Moreover, as much as the dark, soft, tasty tomatoes in your bags meet this definition of "heirloom tomato," they do not, in fact, meet the "scientific" definition--and, surely, science should be the one to settle all this confusion, right? Botanically, an heirloom tomato is simply any open-pollinated variety, as opposed to a hybrid variety of tomato. That is, pollinating the flower with pollen from the same tomato variety makes fruit containing seeds that will reproduce the tomato, true to type. Growers can save seed from their crop and sow again in following years. A hybrid variety, however, is grown from seeds produced by mating two open-pollinated varieties together.
And truth be told, the "heirloom" tomatoes in your bags today are in fact hybrid tomatoes produced by crossing two different heirloom tomatoes together.
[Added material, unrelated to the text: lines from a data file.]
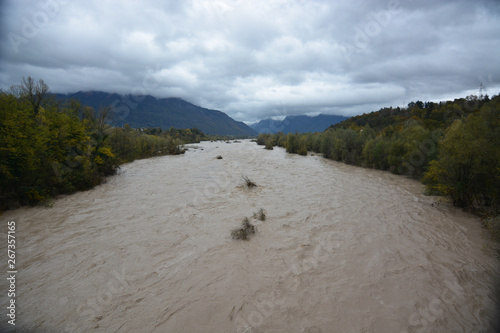 The river in full mud mud and debris photo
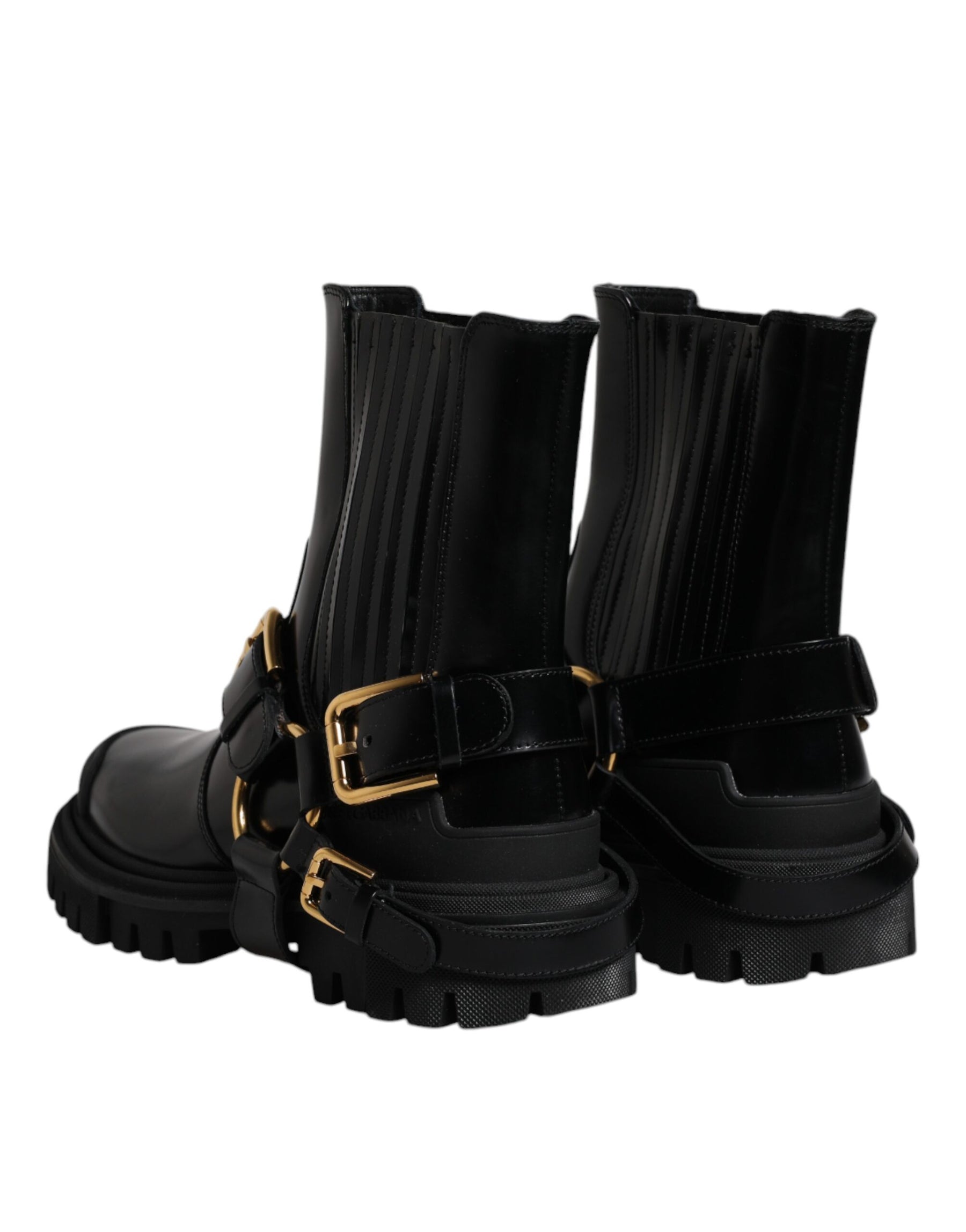 Dolce & Gabbana Black Leather Slip On Stretch Trekking Boots Shoes | Regal Royce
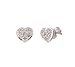 10k White Gold Diamond Accent Pave Heart Stud Earrings (0.048 cttw, I-J Color, I2-I3 Clarity)
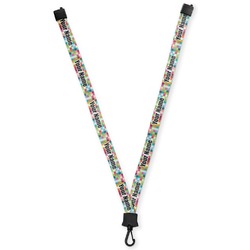 Retro Pixel Squares Lanyard (Personalized)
Scientifically, the heirloom tomatoes in your bags are just plain-ol' hybrids...but seeing them as heirlooms may offer a more useful understanding of culinary reality.
Some tomatoes are easily categorized, such as a hard red shipping hybrid from the grocery store or Radiator Charlie's storied heirloom Mortgage Lifter, but the more ambiguous the tomato, the more it pushes the boundaries of its label, the less these seemingly-intrinsic scientific categories help us understand the world.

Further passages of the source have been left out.